Am 21. Mai 2026 besuchten die Studierenden des 4. Semesters Bauingenieurwesen der Hochschule Landshut unter der Leitung von Prof. Thomas Ziegler das „bam | Asphaltmischwerk Rosenau“ der Bayerischen Asphaltmischwerke. Ziel der Exkursion war es, die wesentlichen Prozessschritte der Asphaltproduktion unmittelbar vor Ort kennenzulernen und die theoretischen Inhalte aus dem Modul mit praktischen Abläufen in der Mischanlage zu verknüpfen.

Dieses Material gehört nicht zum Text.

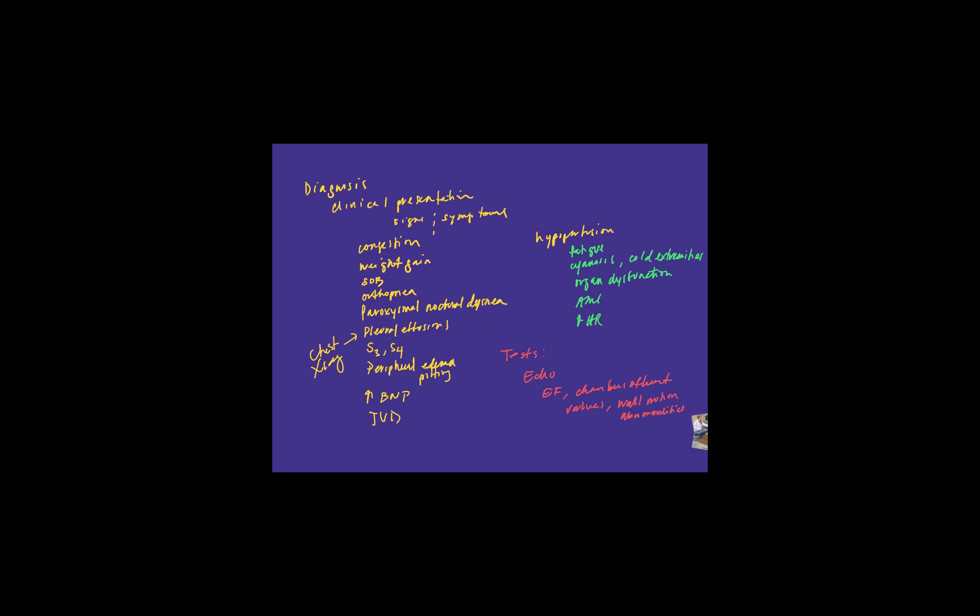One thing that we haven't talked about yet is really sort of the waxing and waning nature of heart failure. So I'm going to make another drawing just above what we've written out here. So let's do some axes here and let's do time over here and functionality. And by functionality, I mean how well the patient can live, function, perform their activities of daily living, go for a walk, walk up flights of stairs. So over here we'll say this is time zero. This is when heart failure starts.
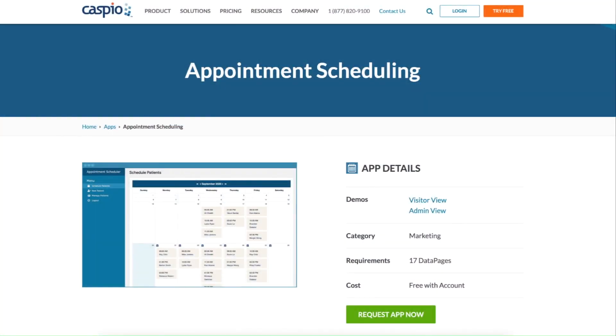Gaspio's appointment scheduling application makes it easy for professionals to quickly book appointments with new and existing visitors. This application was built for medical practices, but it can easily be modified to fit any industry.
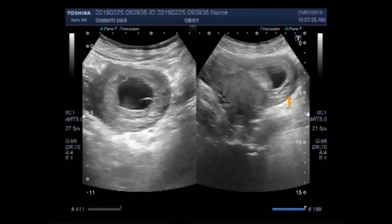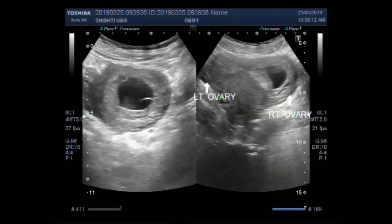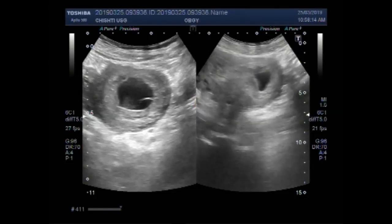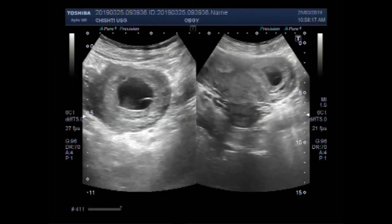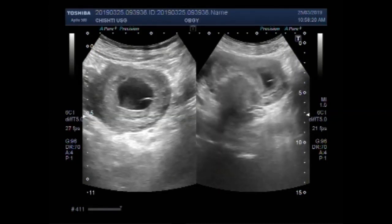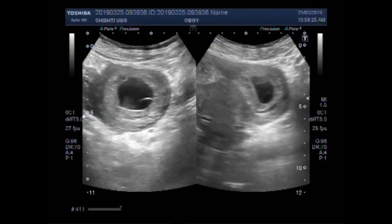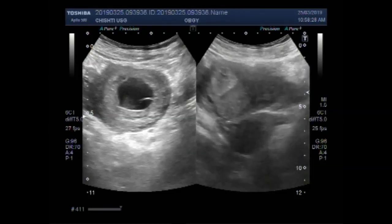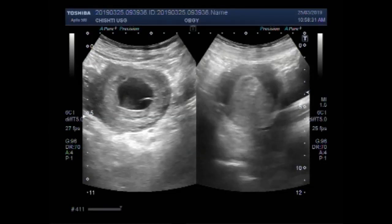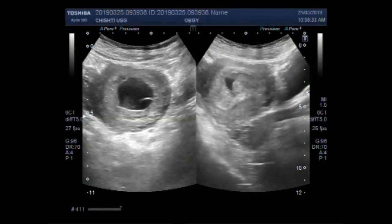This is the right ovary, and this one is the left ovary. Only small clots are visible inside the gestational sac.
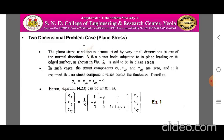Therefore, we can write sigma z = tau yz = tau zx = 0. Hence, the strain-stress equation can be written as: {epsilon x, epsilon y, gamma xy} = (1/E) × [1, -nu, 0; -nu, 1, 0; 0, 0, 2(1+nu)] × {sigma x, sigma y, tau xy}. This equation is obtained by substituting sigma z, tau yz, and tau zx equal to zero in the equilibrium of forces and stress-displacement relationship.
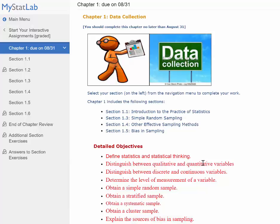You'll also distinguish between discrete and continuous variables — learning what each means and the difference between the two. For example, on the test I might give you a variable and ask whether it represents a discrete or continuous type. You're also going to learn the levels of measurement of a variable — there are four levels — and determine under which level of measurement a given variable falls.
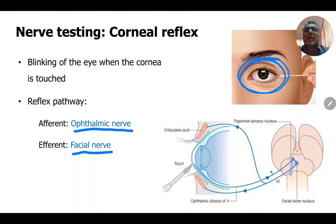Follow the link given in the description and at the end of the lecture to study more about the muscles of facial expression. If you need details about the facial nerve, you can find the cranial nerve lectures in the same channel.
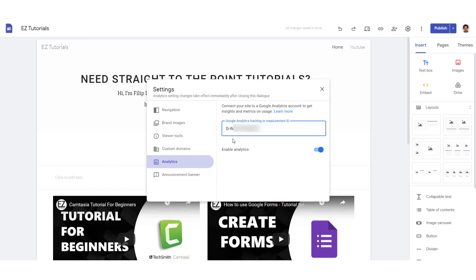And as you can see, we have enabled our Google Analytics. I hope this helped you guys. Leave some comment below in the comment section. And thanks for watching. See you in some other tutorial. Bye bye.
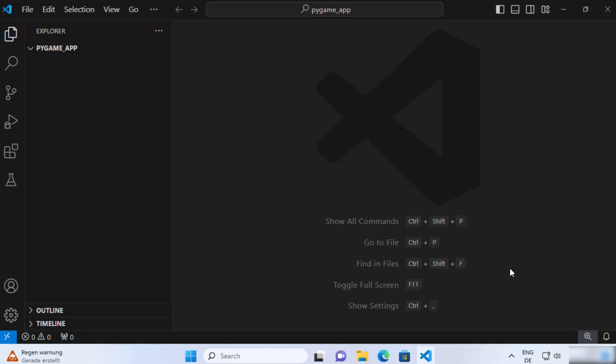Hey guys, in this video I'm going to show you how you can install the flask package in your python script on Visual Studio Code editor. So let's get started and let's see how we can do it.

Im Mittelpunkt der Besichtigung stand die Führung über das Firmengelände und durch die Anlage mit der Vorstellung und Erläuterung aller zentralen Schritte bei der Herstellung von Asphaltmischgut. Dabei erhielten die Studierenden einen anschaulichen Überblick über die Materiallogistik, die Aufbereitung der Gesteinskörnungen, die Dosierung der einzelnen Bestandteile sowie die Mischprozesse in der Anlage.
Ein besonderes Augenmerk lag auf der Wiederverwendung von Ausbauasphalt. Gerade dieser Aspekt verdeutlichte eindrucksvoll, welche zentrale Rolle Asphalt im Kontext des ressourcenschonenden und kreislauforientierten Bauens einnimmt. Als Baustoff mit einem der höchsten Wiederverwendungsgrade leistet Asphalt einen wesentlichen Beitrag zur nachhaltigen Nutzung vorhandener Rohstoffe im Straßenbau.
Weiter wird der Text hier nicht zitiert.